From the results of the first experiment, it was evident that the proposed method realized a higher depth resolution of 16 mm in and reduced the error rates by 62.2% and 69.4%, where the reduction ratio corresponds to the difference between the error of the proposed method and the error of the conventional method divided by the error of the conventional method (Pix4Dmapper and Metashape respectively), at flight altitudes between 10 and 20 m. Moreover, in the second experiment, a depth resolution of 1.6 mm and a reduction in errors of 44.4% and 63.0% were achieved for an altitude of 4.1 m. Moreover, the execution time of the proposed method on a NVIDIA GTX 1080 TI GPU was 88 ms for images with a size of 5472 × 3468 pixels, which is sufficiently fast for real-time measurement and can suggest if a re-measurement is required, which can be done immediately by capturing two more images.

The remainder of this paper is organized as follows. Related work are described in “Related works”, and the proposed method is described in detail in “Experimental evaluation”. In “Discussion”, the effectiveness of the proposed system is verified through two experiments conducted in a real environment. “Methods” discusses the experimental results.

Related works

Limitations of drone measurements in the field

In recent years, precision agriculture has been promoted by the introduction of drones20,21. The advantage of drone measurements is that enormous amounts of field data can be obtained in a short time22. Additionally, drones allow low-altitude photography of a field at a very low cost, which is impossible through satellites and manned aircraft. Two methods are often used for measurement: photographing fields using a camera mounted on a drone and laser scanning from a drone. Related studies have been conducted to measure plant height using shooting measurements in combination with RTK-GNSS through drones or laser scanning by drones, and the root-mean-square errors obtained were 110 and 80 mm, respectively23. Therefore, previous studies are still limited to measurements with centimeter resolution and have not yet achieved millimeter resolution, and accurate measurements are obtained manually. If drones can achieve millimeter resolution, they can completely replace manual measurements and have a significant impact on precision agriculture.

Limitations of SfM (general context)

SfM is a widely used conventional measurement method that uses images captured by a drone. It is a 3D measurement method that uses the principle of stereo photography and develops a 3D reconstruction from various directions based on features extracted from several image groups with a high overlap ratio and matching them24. The use of drones and SfM has been successful in various applications, including agricultural measurements, urban mapping, and river monitoring. Also accurate location estimation using RTK-GNSS has been suggested to be effective25,26. A 3D reconstruction study on the coast using drones and SfM achieved a depth resolution of 50 mm27. A root-mean-square error of 46.05 mm in the vertical direction was also reported in topographic mapping performed by drone and SfM28. The advantage of SfM is that it can easily generate a 3D model from the image group using the camera position. But the point group data obtained by SfM are not sufficiently accurate and it is difficult to measure the plant height with high precision, such as in millimeters. Another problem is that several image sets with a high overlap ratio photographed from multiple directions are generally required for 3D reconstruction, which means that the computational time of SfM is significant. In this study, the well-known and SOTA conventional SfM methods, Pix4Dmapper and Metashape, are considered29.
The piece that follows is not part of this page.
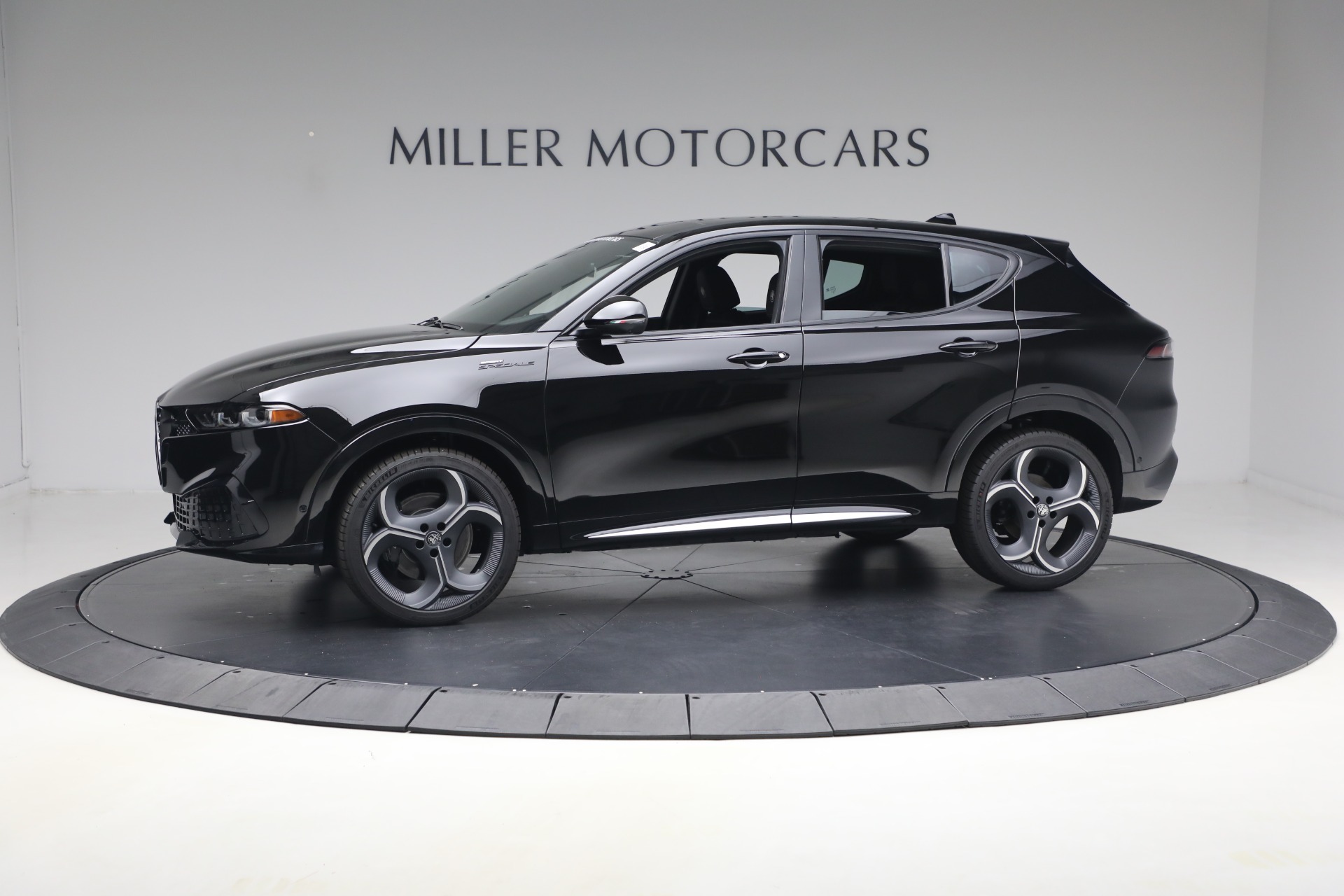 New 2026 Alfa Romeo Tonale Sport Speciale for sale $49,790 at Miller Motorcars Aston Martin in Greenwich CT 06830 1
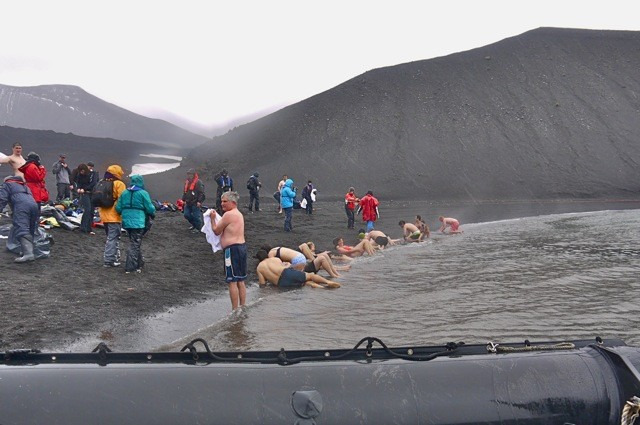 欺骗岛游泳图片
Limitations of SfM (agricultural context)

The primary purpose of breeding is to improve the growth of a target crop in a particular environment, and increasing yields and improving drought and flood resistance could also be considered. In the breeding field, the process of evaluating the performance of genotypes for a particular set of traits in a particular environment is called plant phenotyping. In the past, plant phenotyping was labor-intensive, but automated and high-throughput plant phenotyping platforms based on large-scale aerial remote sensing are now available12,13. Large-scale plant phenotyping systems using unmanned aerial vehicles (UAVs) have also been proposed, and it has been suggested that the use of drones is effective in reducing the enormous workload required for plant phenotyping14,15. Plant height data are an important parameter for evaluating growth, and drones are attracting attention as a useful technology for measuring them. Remote sensing with a fixed camera enables high-precision measurement of plant height16,17; however, the accuracy of measurement decreases when the position and attitude of the camera, such as drone measurement, need to be specified. It was reported that the error in the plant height measured using drones is 88.39 mm18 or approximately 100 mm19, and further improvement in accuracy is required.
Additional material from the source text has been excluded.